=== Section Start ===
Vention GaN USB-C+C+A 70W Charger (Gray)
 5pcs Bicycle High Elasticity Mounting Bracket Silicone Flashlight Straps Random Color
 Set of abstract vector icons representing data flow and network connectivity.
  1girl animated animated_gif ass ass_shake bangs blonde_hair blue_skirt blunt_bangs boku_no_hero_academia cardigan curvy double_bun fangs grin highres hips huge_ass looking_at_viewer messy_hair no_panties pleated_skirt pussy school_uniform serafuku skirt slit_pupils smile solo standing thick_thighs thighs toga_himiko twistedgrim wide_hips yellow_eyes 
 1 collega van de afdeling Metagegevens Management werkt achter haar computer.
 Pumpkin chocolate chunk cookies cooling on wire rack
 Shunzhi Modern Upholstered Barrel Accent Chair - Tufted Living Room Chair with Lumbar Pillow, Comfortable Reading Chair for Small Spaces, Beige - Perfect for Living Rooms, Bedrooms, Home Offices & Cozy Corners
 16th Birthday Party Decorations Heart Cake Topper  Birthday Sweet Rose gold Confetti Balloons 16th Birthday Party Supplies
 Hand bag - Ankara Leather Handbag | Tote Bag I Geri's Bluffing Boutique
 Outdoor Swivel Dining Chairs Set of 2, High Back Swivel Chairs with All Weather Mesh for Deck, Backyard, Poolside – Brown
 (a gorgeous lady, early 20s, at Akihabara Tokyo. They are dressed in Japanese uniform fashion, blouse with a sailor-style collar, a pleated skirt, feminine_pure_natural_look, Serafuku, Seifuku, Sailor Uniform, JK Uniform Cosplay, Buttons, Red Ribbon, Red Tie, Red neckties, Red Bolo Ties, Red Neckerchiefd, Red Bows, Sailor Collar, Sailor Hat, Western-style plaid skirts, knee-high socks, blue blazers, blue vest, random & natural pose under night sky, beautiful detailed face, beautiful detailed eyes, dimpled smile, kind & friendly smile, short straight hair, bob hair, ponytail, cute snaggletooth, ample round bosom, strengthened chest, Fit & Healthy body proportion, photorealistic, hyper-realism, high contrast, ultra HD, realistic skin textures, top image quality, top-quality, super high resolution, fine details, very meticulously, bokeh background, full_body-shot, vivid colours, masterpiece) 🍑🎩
=== Section End ===
- EXERCISE DETAILS
Give back, unchanged, the run of lines in the listing above that begins at the line containing "5pcs Bicycle High" and ends at the line containing "1 collega van", both included.

- TASK OUTPUT
 5pcs Bicycle High Elasticity Mounting Bracket Silicone Flashlight Straps Random Color
 Set of abstract vector icons representing data flow and network connectivity.
  1girl animated animated_gif ass ass_shake bangs blonde_hair blue_skirt blunt_bangs boku_no_hero_academia cardigan curvy double_bun fangs grin highres hips huge_ass looking_at_viewer messy_hair no_panties pleated_skirt pussy school_uniform serafuku skirt slit_pupils smile solo standing thick_thighs thighs toga_himiko twistedgrim wide_hips yellow_eyes 
 1 collega van de afdeling Metagegevens Management werkt achter haar computer.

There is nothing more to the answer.